My heart sank even before the performance started, when I sat down and looked at the stage to see that there were several white panels on which passages from the novel were projected. This is the kind of idea that would seem really cool to a middle school kid trying to mount a production of "Madonna in a Fur Coat." The alarm bells started to ring even more loudly when I saw that the first actor to appear on sage was wearing microphones. For a narrative that is told very economically, this expansion into a concert space, with concert paraphernalia seemed very wrong. Then, what hope there was of this being a bearable production was wiped away when the hapless character Rasim opened his mouth, to enunciate Ali's prose in the most "theatrical" manner possible, to rob it from all feeling. Actor after actor assumed the same "theatrical" mode, and as if that wasn't enough, they started to saw the air with their hands, and I kid you not, started beating their chests, which made the microphones, which were other times engaged in producing a back echo when two actors got too close, thump.
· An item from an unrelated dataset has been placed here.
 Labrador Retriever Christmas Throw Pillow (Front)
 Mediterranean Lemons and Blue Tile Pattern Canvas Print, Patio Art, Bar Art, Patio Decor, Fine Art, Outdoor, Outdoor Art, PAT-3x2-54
It is only through a chance meeting the next day that I learned that this grotesqueness had been intentional, that the actors had been told to "play big." This sort of allayed my fears for the state of Turkish theater: it hadn't been purely bad acting, the director had asked for it. This decision to make one of the most melancholy texts of Turkish literature into a grotesque spectacle becomes even more suspect when one considers the producer of the play, Tuba Ünsal, who also plays Maria Puder, the painter of the self portrait that gives the novel/play its name. Through all the exaggeration and chest beating, her performance comes across as the most natural in the play, and her scenes become the most watchable. However, it is not an evening I would wish even upon my enemies.